Elia made the surprise announcement during Monday’s Board of Regents meeting in Albany, writing in a resignation letter to the board that it’s been her pleasure and honor to serve teachers and students throughout the state over the last four years as the leader of the New York State Education Department.
“Going forward, I hope to translate the experiences I’ve gained from one of the largest, most complex education systems in the country into lessons to help improve classrooms, schools, and districts for students in every state,” she wrote.
Elia, 70, confirmed to reporters at the meeting she plans to work for a national firm involved with education, but declined to name the company. Her resignation is effective Aug. 31.
Local school officials in the Olean area expressed surprise and disappointment about Elia’s resignation, applauding her efforts over the last four years.
Allegany-Limestone Central School District Superintendent Tony Giannicchi said Elia had the state moving in a positive direction, adding her best attribute was listening and making informed decisions.
“Even if you did not agree with her, you had to respect her decision making,” he said. “Her leaving is a big loss for the state.”
Olean City School District Superintendent Rick Moore, calling Elia’s resignation “disappointing news,” credited her for creating a “calming period in New York state education” following the “chaos” of high-stakes testing.
Elia is a Western New York native and former teacher for the Sweet Home Central School District in the Buffalo area. She was serving as a superintendent in Florida when appointed commissioner by the Board of Regents in 2015.
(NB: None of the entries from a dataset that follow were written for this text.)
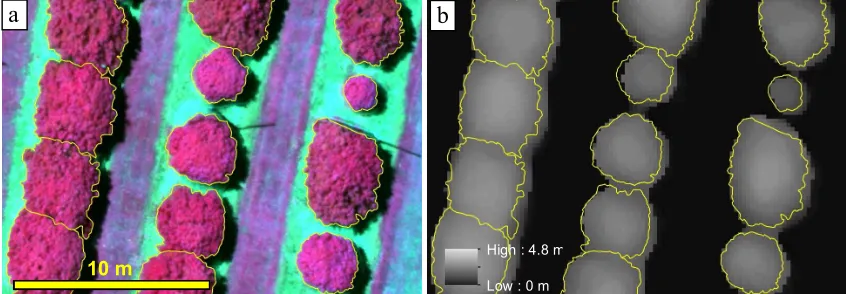 Figure 7. (a) False colour (NIR, Red, Green) orthomosaic; and (b) corresponding CHM of lychee trees post-pruning, including the GEOBIA delineation result (yellow outlines)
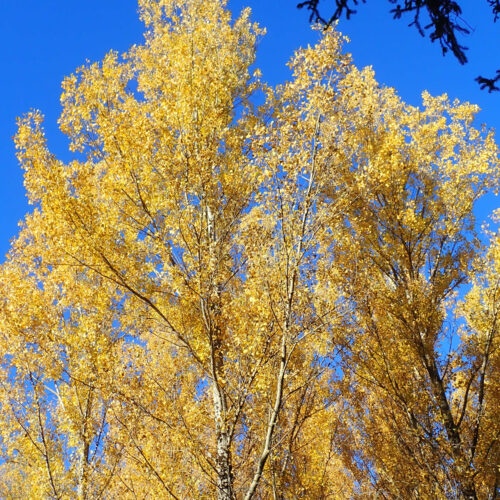 29Mallemoisson 28 10 25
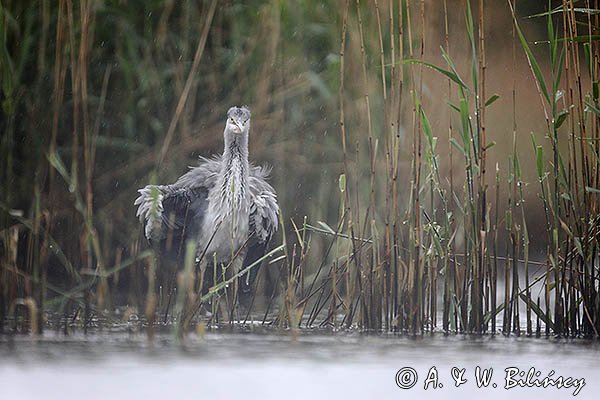 Czapla siwa, Ardea cinerea, w deszczu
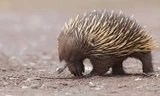 Những vũ khí đáng gờm của thú lông nhím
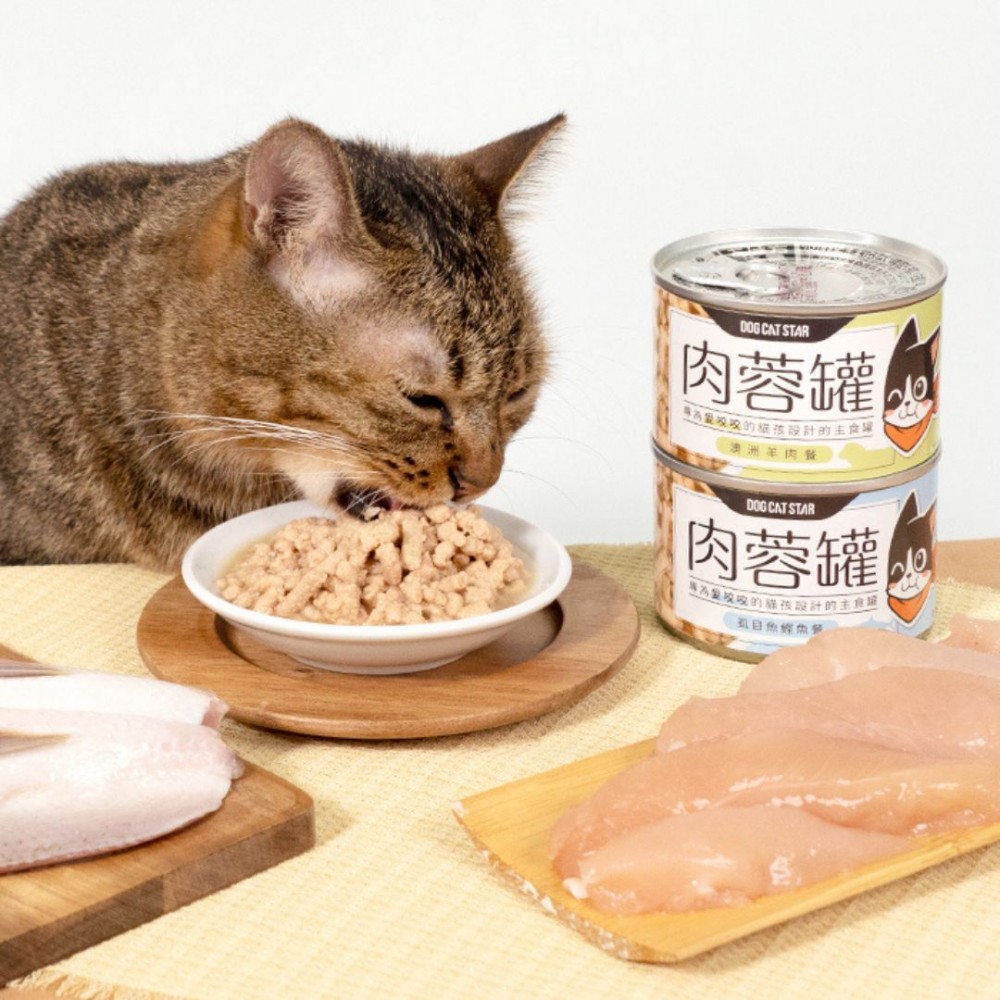 DOGCATSTAR 98% MINI MEAT BALL MEAT CANNED 165G MILKFISH & BONITO WET CAT FOOD image 2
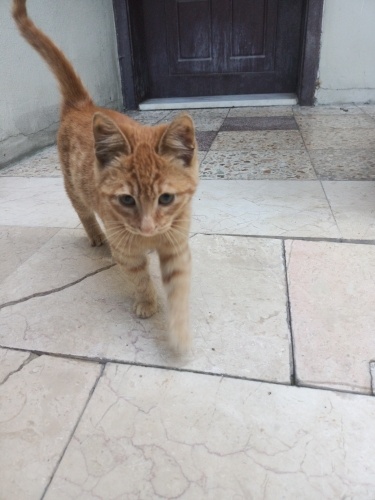 Hemen Sahiplendirme Ücretsiz fotoğraf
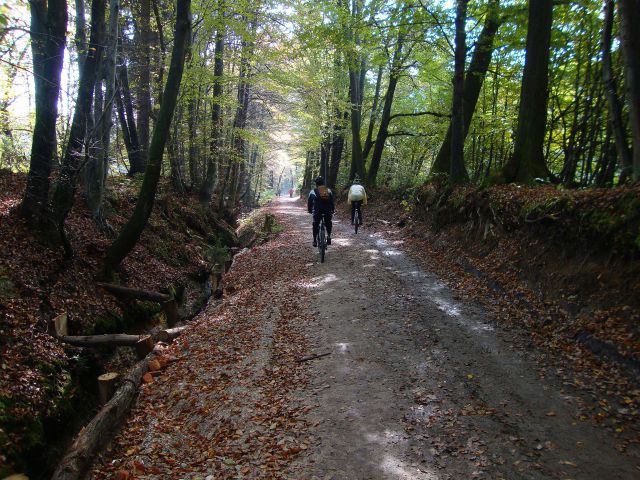 Rašica & Mengeška koča - foto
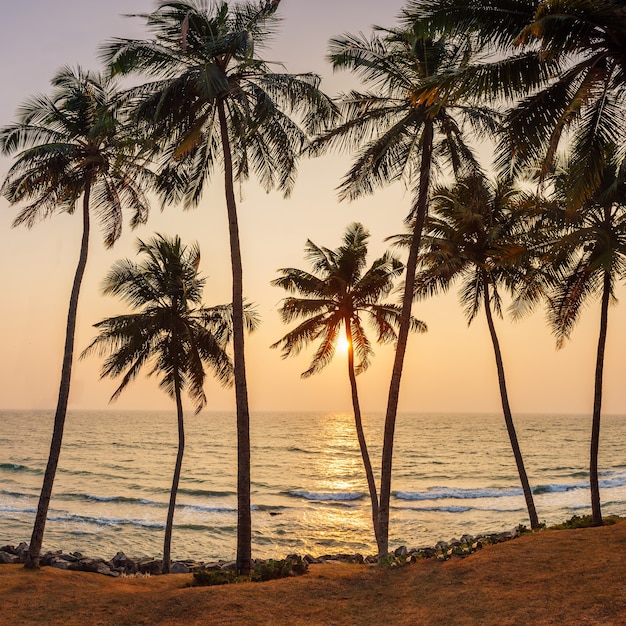 Palmeiras na praia ao pôr do sol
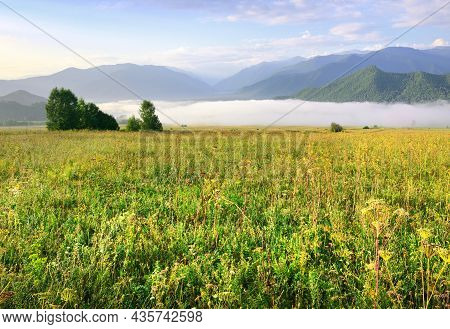 A Green Meadow Against The Background Of Blue Mountains Under The Morning Sky. Siberia, Russia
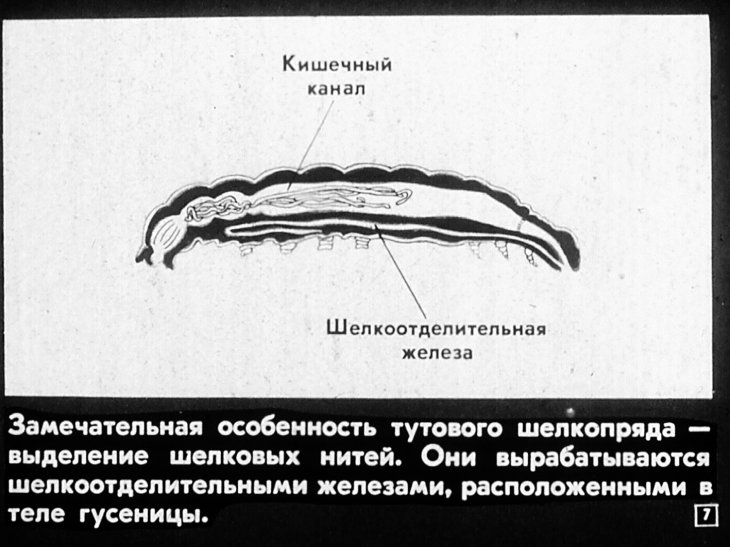 Кадр 7 диафильма «Тутовый шелкопряд. Шелководство»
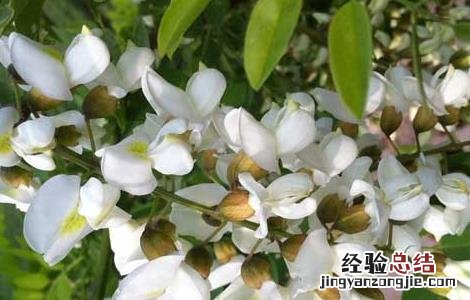 孕妇能吃槐花吗 孕妇能吃槐花吗后期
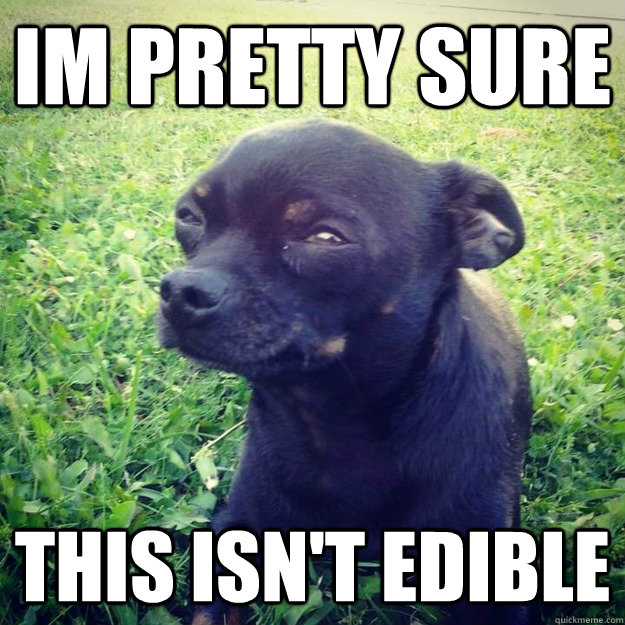 IM PRETTY SURE this isn't edible - IM PRETTY SURE this isn't edible  Skeptical Dog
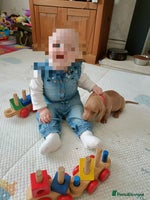 Miniature Dachshund dogs - Advert 10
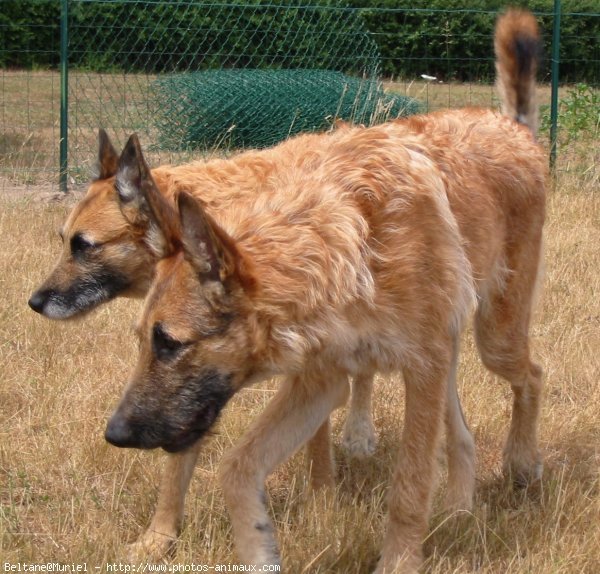 Photo de Berger belge laekenois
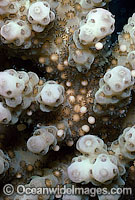 Coral spawning Photo - Peter Harrison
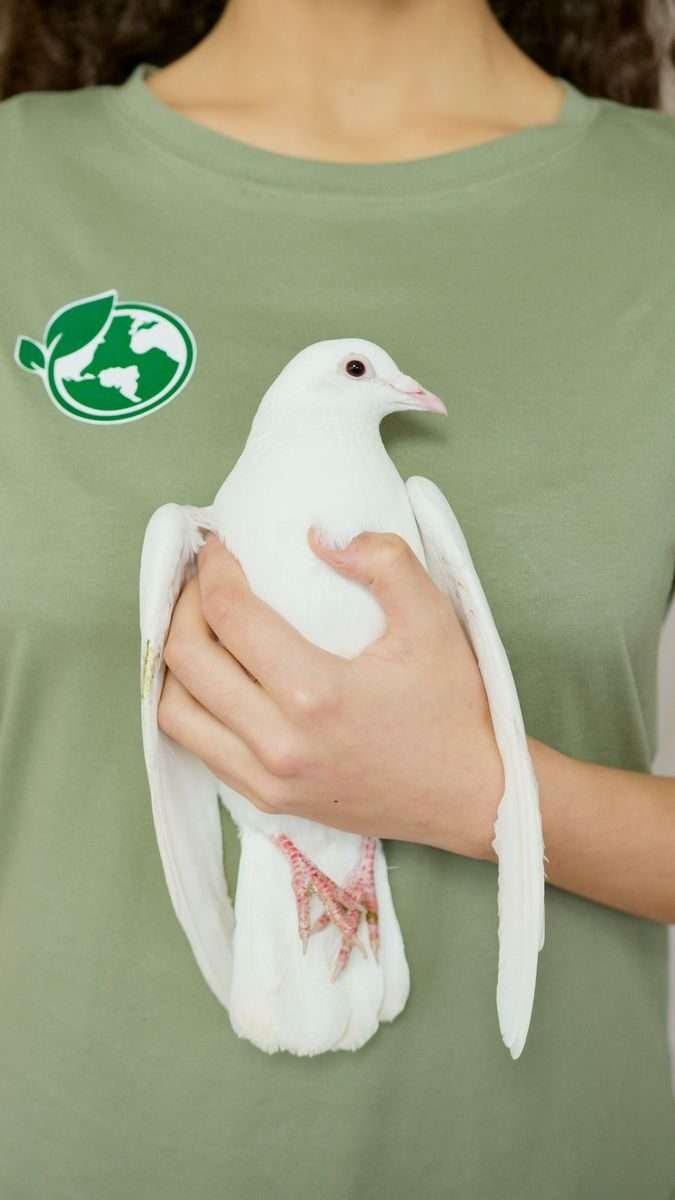 Ecologia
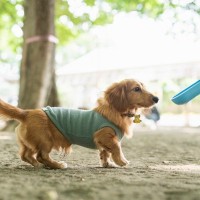 犬が散歩中に水を飲まない『4つの原因』脱水を防ぐためにはどうしたらいいの？
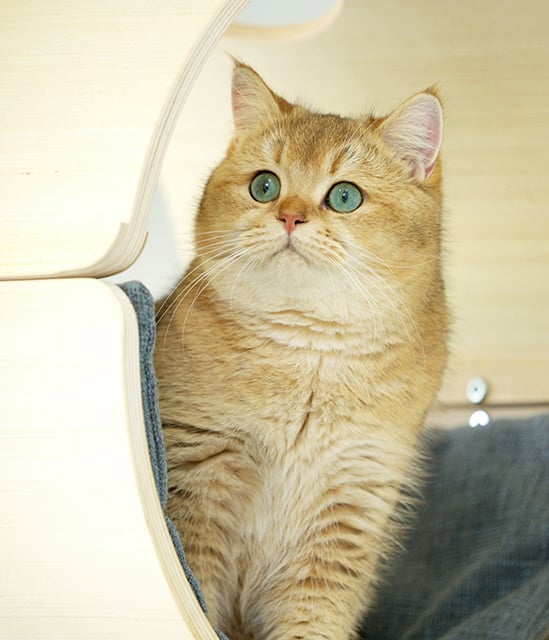 p20-21-weekly-iCattery-02.jpg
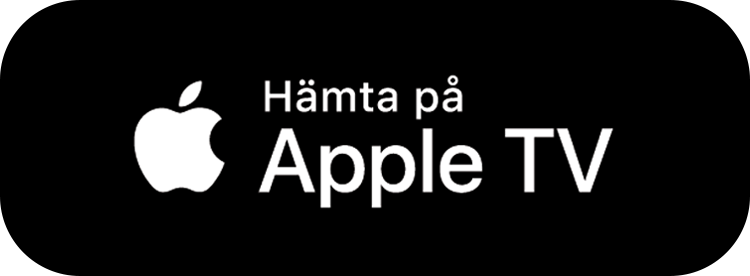 Itunes_SE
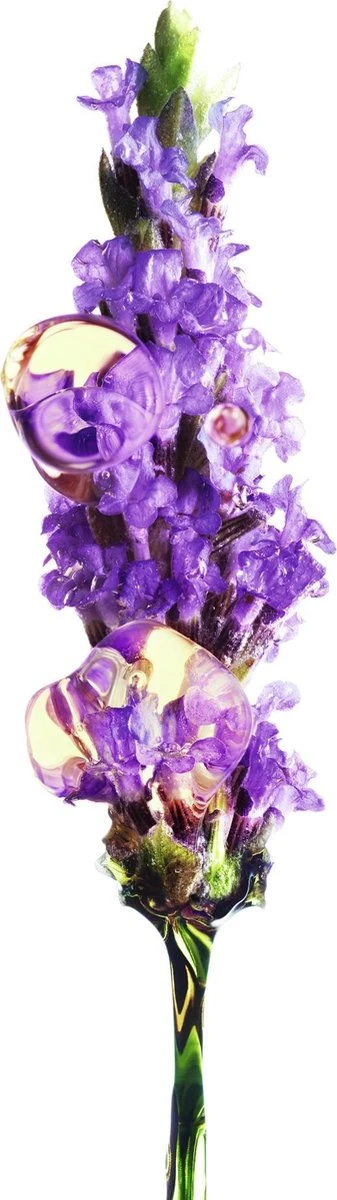 Garnier Bio Anti-age Oogcrème - 15 Ml - Alle Huidtypes - Revitaliserende Lavendel 12 Garnier Bio Anti-age Oogcrème - 15 Ml - Alle Huidtypes - Revitaliserende Lavendel - Afbeelding 12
Elia’s tenure saw the retooling of the controversial Common Core standards and the rollback of tying students’ standardized test scores to teacher evaluations.
The state Legislature passed a law this past session to eliminate the requirement that at least half of a public school teacher’s rating be based on state tests. Now, school districts must negotiate with their teacher unions to choose which exams will be used in judging educators’ performances.
Moore said Elia allowed districts to determine what was best for their students and act accordingly, understanding “each district is unique and one size did not fit all districts.”
“Hopefully her replacement will continue to allow local communities and their schools to determine what is best for their students,” he said.
OCSD Board of Education President Frank Steffen Jr. said there has to be some concern about whether the next commissioner means policy change, but added, “Hopefully we’ll be able to work with the new commissioner whoever that will be.”
New York State United Teachers, which represents more than 600,000 teachers across the state, said it looks forward to engaging with the Board of Regents as the search for the next commissioner begins.
“Selecting a new commissioner with a deep background in public school classrooms will go a long way toward achieving these critical goals,” NYSUT said a statement Monday.